Peterson's algorithm (for process i, where the other process is denoted by j) is below:

do {
    #set flag to say I'm trying to run
    flag[i] = true
    #let the other process have a turn
    turn = j
    while(flag[j] == true && turn == j);

    #enter critical section

    flag[i] = false

    #do non-critial remaining stuff

} while (true);

Why does the following simplification of Peterson's algorithm not also provide process synchronization? If I understand why not, I believe it will help me understand Peterson's algorithm.

#initialize turn to i or j
do {
    while(turn == j);

    #enter critical section

    turn = j;

    #do non-critial remaining stuff

} while (true);

In this simplified algorithm, it seems to me that a given process i will continue while looping until the other process j finishes its critical section, at which point j will set "turn = i", allowing i to begin. Why does this algorithm not achieve process synchronization?

Answer 1

Because there is a chance of starvation in the simplified version.

As you mentioned:

j finishes its critical section, at which point j will set "turn = i", allowing i to begin.

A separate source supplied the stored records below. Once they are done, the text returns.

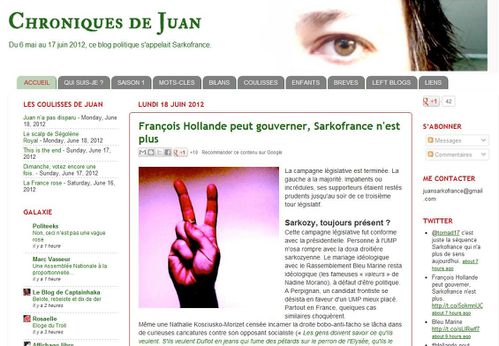 Sarkofrance-est-mort-Chroniques-de-Juan.jpg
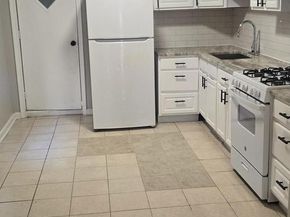5544 W Jefferson Street, Philadelphia PA 19131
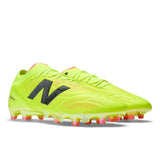 Load image into Gallery viewer, New Balance Adult Tekela Elite Low Laced Firm Ground V5 Soccer Cleats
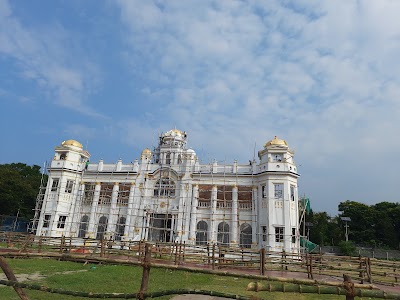 Deshapriya Park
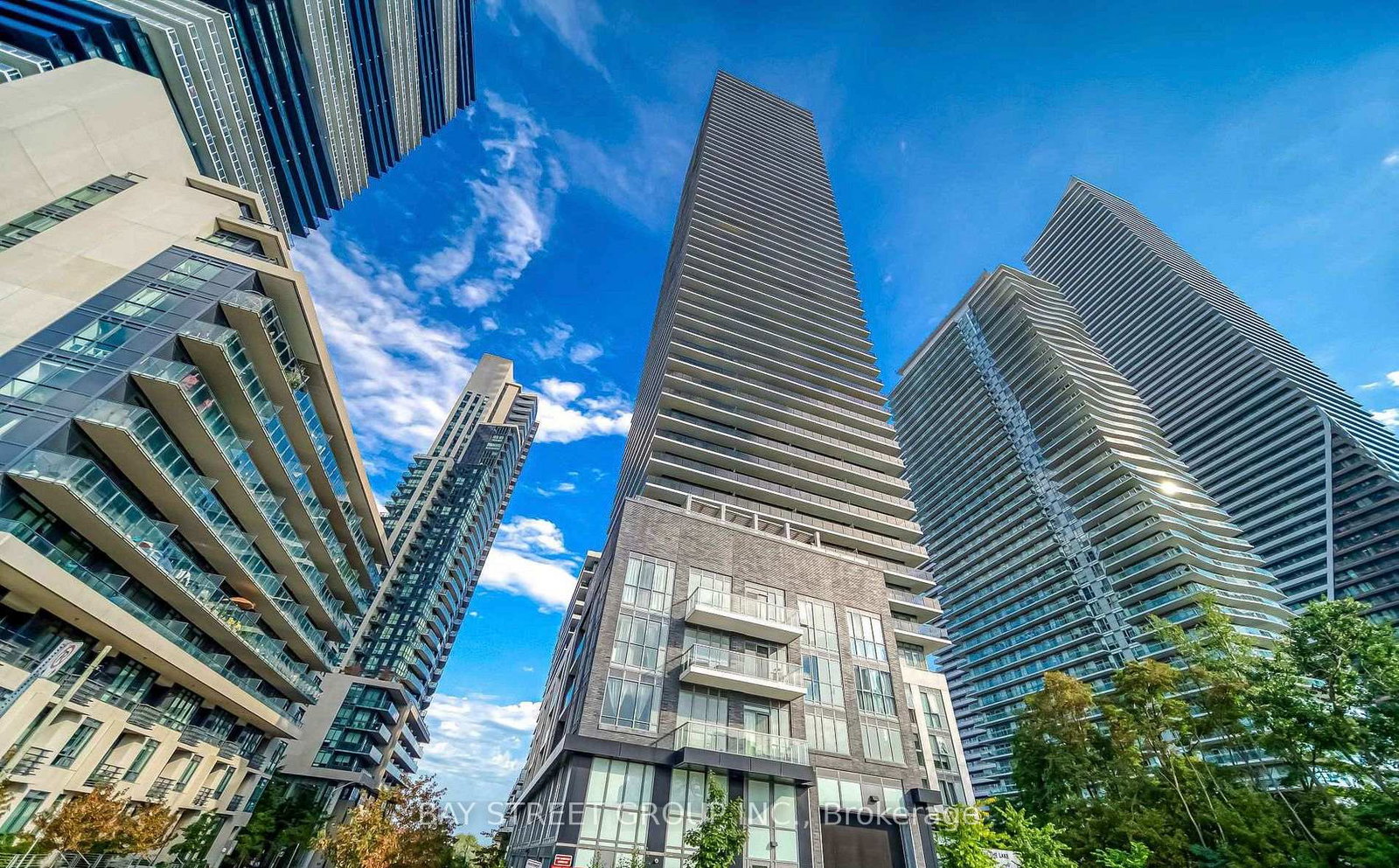 70-annie-craig-drive-etobicoke-ontario-w12939682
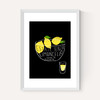 Limoncello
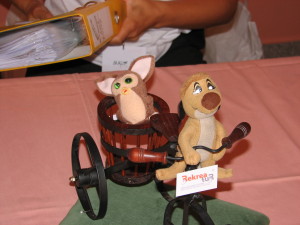 Anton_s partnerko Tastaro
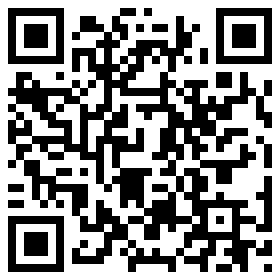 qrcode für Indexa GRW12 - housing ring IND2612 / 8612 Cream white 25756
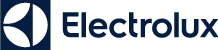 CashClub - Get commission from electrolux.ro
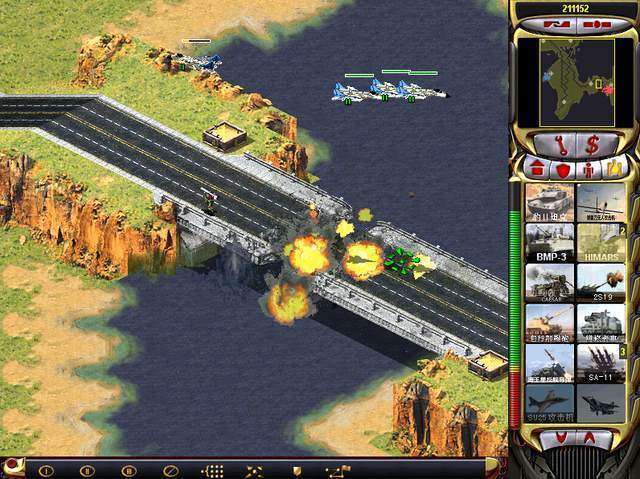 战术风云:教练的战术布置和调整分析的简单介绍 战术风云:教练的战术布置和调整分析的简单介绍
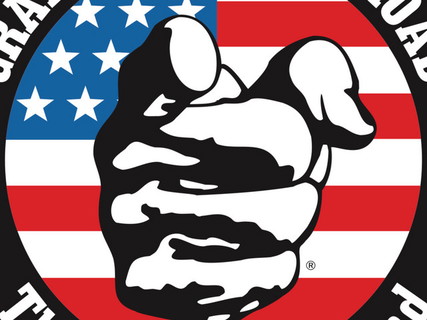 Grand Funk Railroad & The Marshall Tucker Band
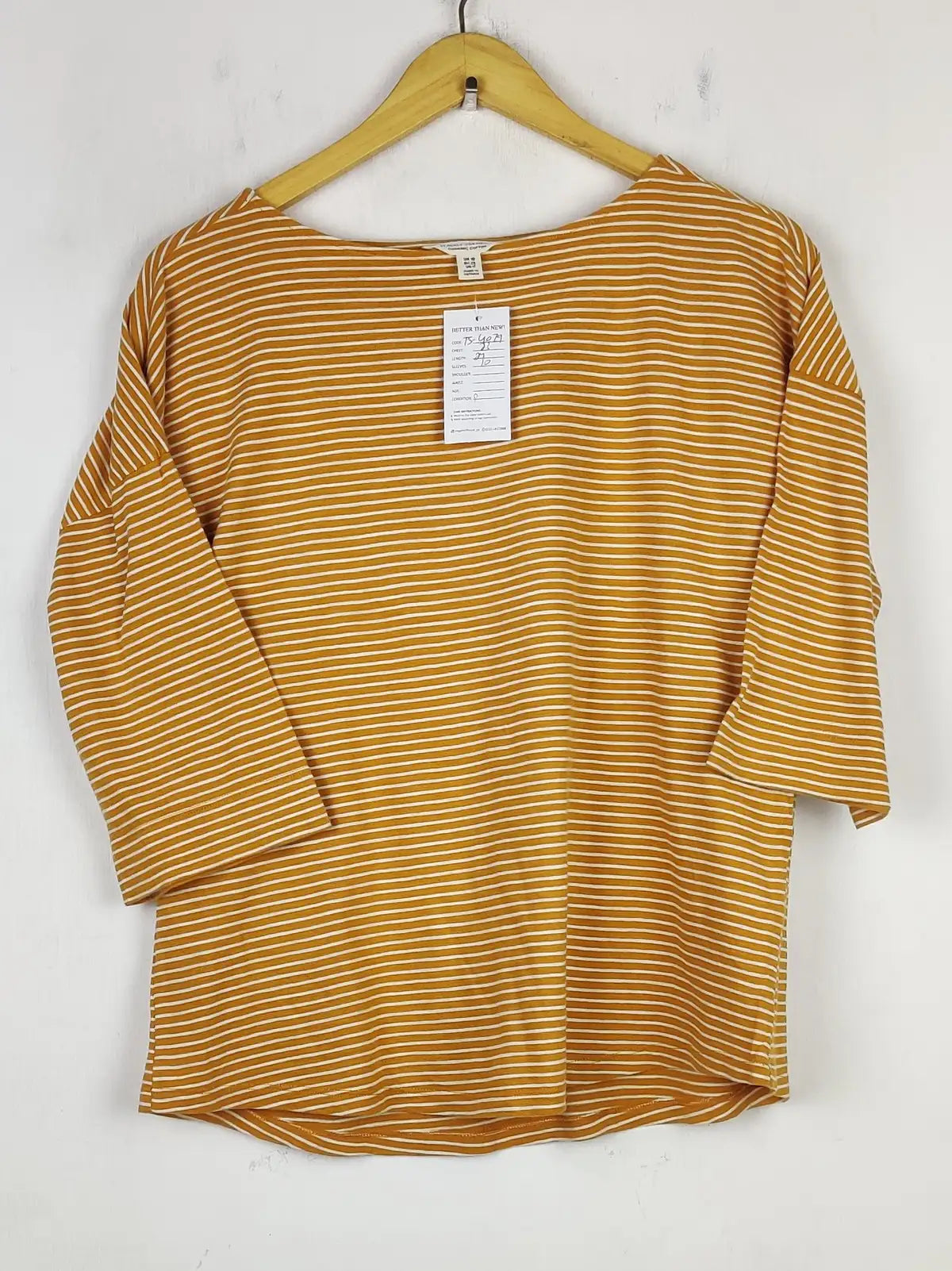 Buy online pre-used pre-loved 100% authentic & Original branded Seasalt (TS-4079) available in Pakistan. Top international brands avilable.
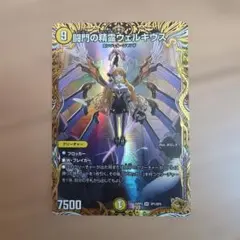 2026年最新】闘門の精霊ウェルキウスの人気アイテム - メルカリ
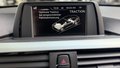 Daumennagel 17 - BMW 430i Gran Coupe Sport-Aut.///M SPORT/HARMAN/HUD/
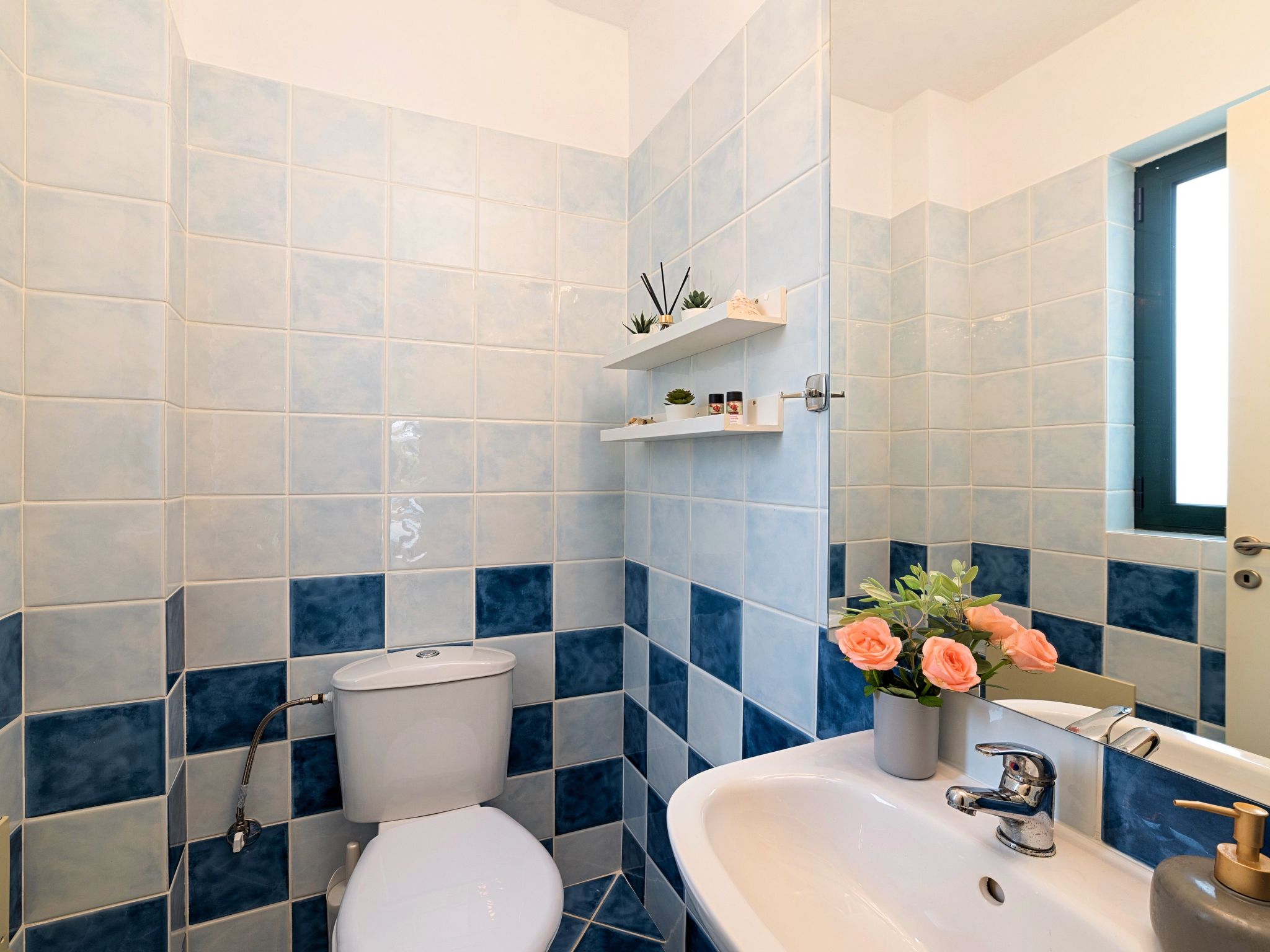 Apple Green Villa Privater Pool-Image-tags.info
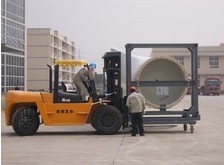 Aeolon風電葉片1.5MW-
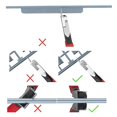 thumbnail image 5 of Dspiae St-a 3.0 Single Edge Pliers 3.0 Modeling Hobby Cutting Craft Tool Set ft., 5 of 5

Ok, now say Process i finishes and will set turn = j . Now if Process i, again wants to enter critical section, it cannot enter as turn = j. The only way for Process i to be able to enter Critical Section is Process j again enters Critical Section and sets turn = i.

So, as you see the simplified version requires that the processes must enter critical section in strict alternation, otherwise it will lead to starvation.